SUPPLIED ENTRIES
******
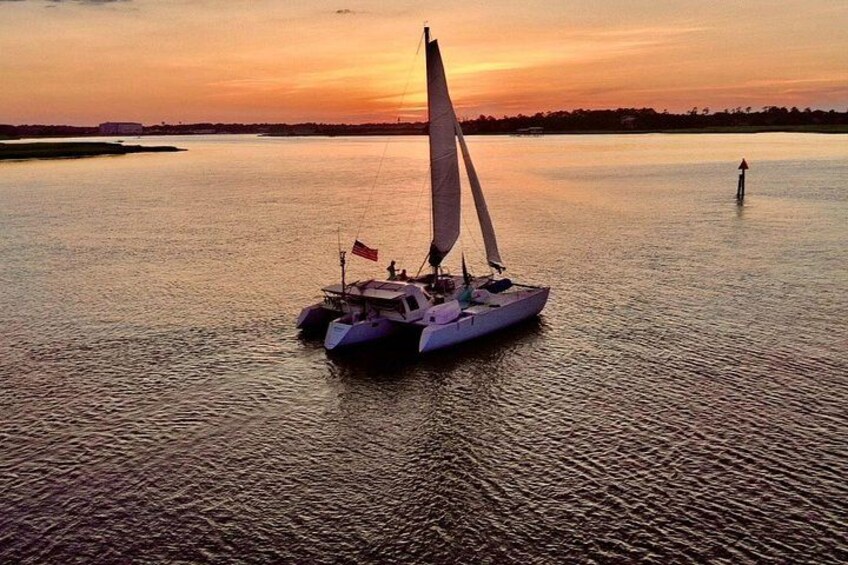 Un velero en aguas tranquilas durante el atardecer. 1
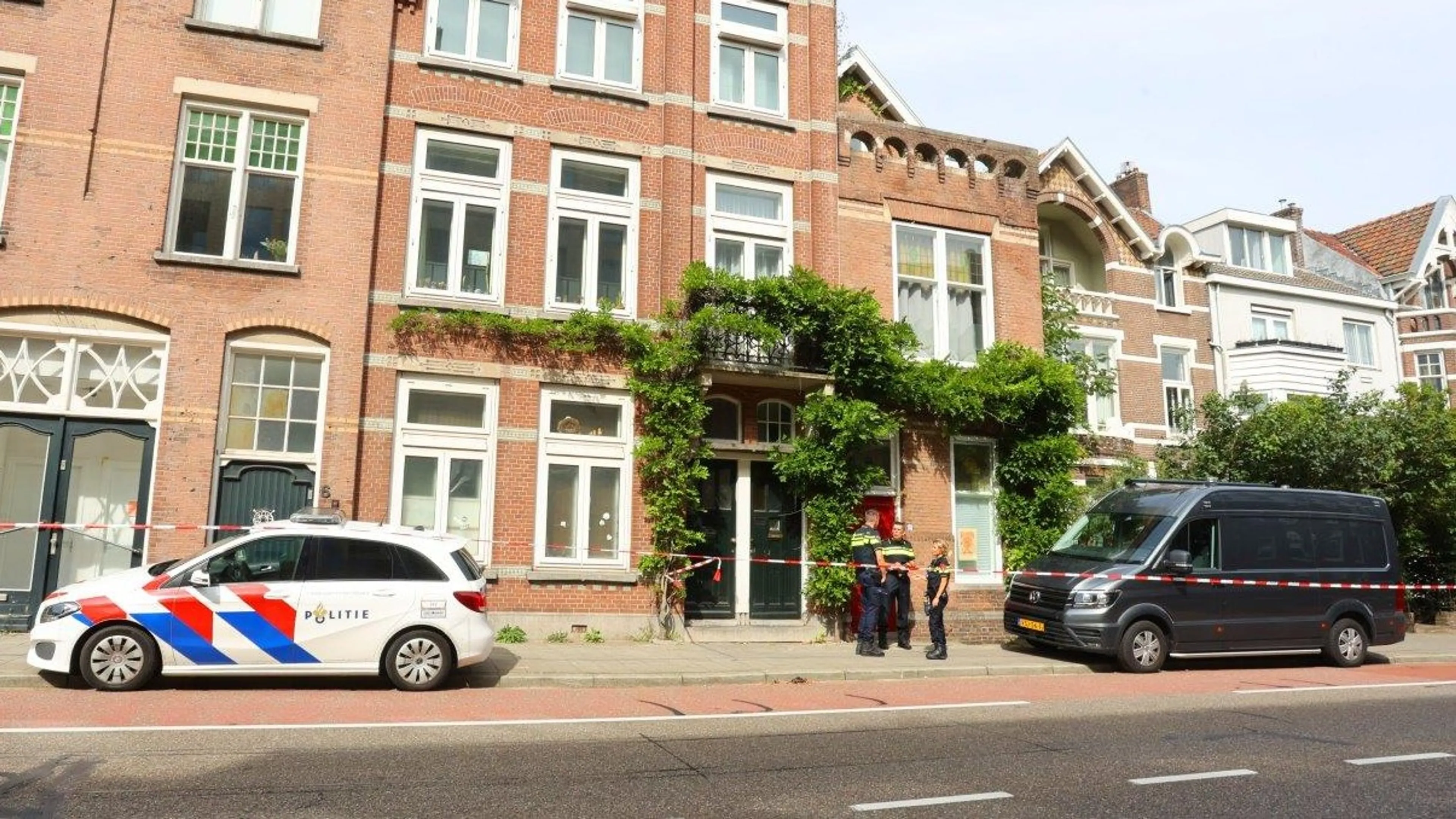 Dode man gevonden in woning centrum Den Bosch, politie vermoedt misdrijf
******
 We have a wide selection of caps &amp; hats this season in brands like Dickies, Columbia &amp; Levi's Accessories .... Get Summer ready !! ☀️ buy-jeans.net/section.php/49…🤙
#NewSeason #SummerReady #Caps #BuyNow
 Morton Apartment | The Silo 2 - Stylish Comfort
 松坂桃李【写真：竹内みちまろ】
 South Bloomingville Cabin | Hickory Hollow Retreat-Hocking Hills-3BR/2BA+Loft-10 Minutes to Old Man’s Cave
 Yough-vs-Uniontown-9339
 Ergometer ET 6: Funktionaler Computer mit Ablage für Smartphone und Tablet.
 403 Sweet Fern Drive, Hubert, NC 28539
******
AIM OF THE TASK
Reproduce exactly, and only, the part of the listing above that begins at the line with "Yough-vs-Uniontown-9339" and goes on through the line with "403 Sweet Fern Drive, Hubert, NC 28539".

EXERCISE RESULT
 Yough-vs-Uniontown-9339
 Ergometer ET 6: Funktionaler Computer mit Ablage für Smartphone und Tablet.
 403 Sweet Fern Drive, Hubert, NC 28539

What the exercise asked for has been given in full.